U.S. Considers Direct Military Action to Liberate Yemeni Port

U.S. officials are discussing the possibility of a direct military support to the United Arab Emirates (UAE) in an effort to capture a key port in Yemen from Houthi rebels.

According to The Wall Street Journal, the UAE has reportedly asked the U.S. for assistance in helping the Saudi-led coalition retake Hodeidah, which provides support to the whole of Yemen. U.S. officials told the Journal that the Saudis and the UAE will not act until they receive U.S. support, but Washington worries about the toll such a move could take on the war-torn country.

“We continue to have a lot of concerns about a Hodeidah operation,” a high-ranking official told the Journal. “We are not 100% comfortable that, even if the coalition did launch an attack, that they would be able to do it cleanly and avoid a catastrophic incident.”

Administration officials familiar with the situation in Yemen are scheduled to meet on Monday in order to discuss which steps the U.S. could take.

Meanwhile, the Saudi-led coalition also decided that UAE forces are not going to take any action in the port in the near future so the United Nations envoy to Yemen,  Martin Griffiths, can begin peace efforts in the country’s civil war.
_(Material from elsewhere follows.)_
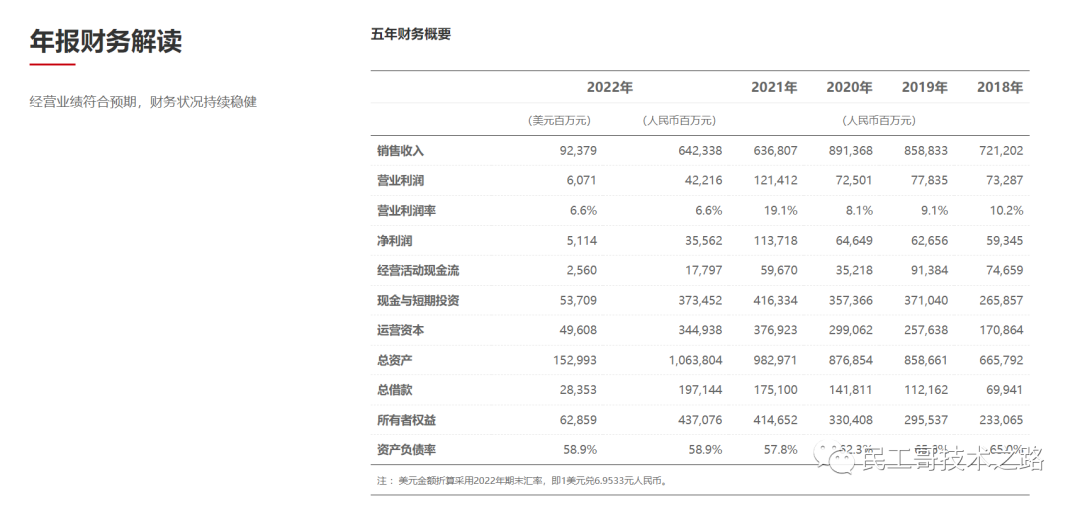 华为工资最新动态与小巷深处的特色小店探索之旅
However, U.S. lawmakers are not interested in the idea of additional involvement in Yemen, mostly because the U.S. already supports the Saudi campaign with billions of dollars in arms, intelligence and logistics such as air refueling.

The House last year passed a nonbinding resolution that called U.S. military involvement in the war unauthorized, while the Senate recently blocked a resolution that would have put an end to U.S. military support for the campaign.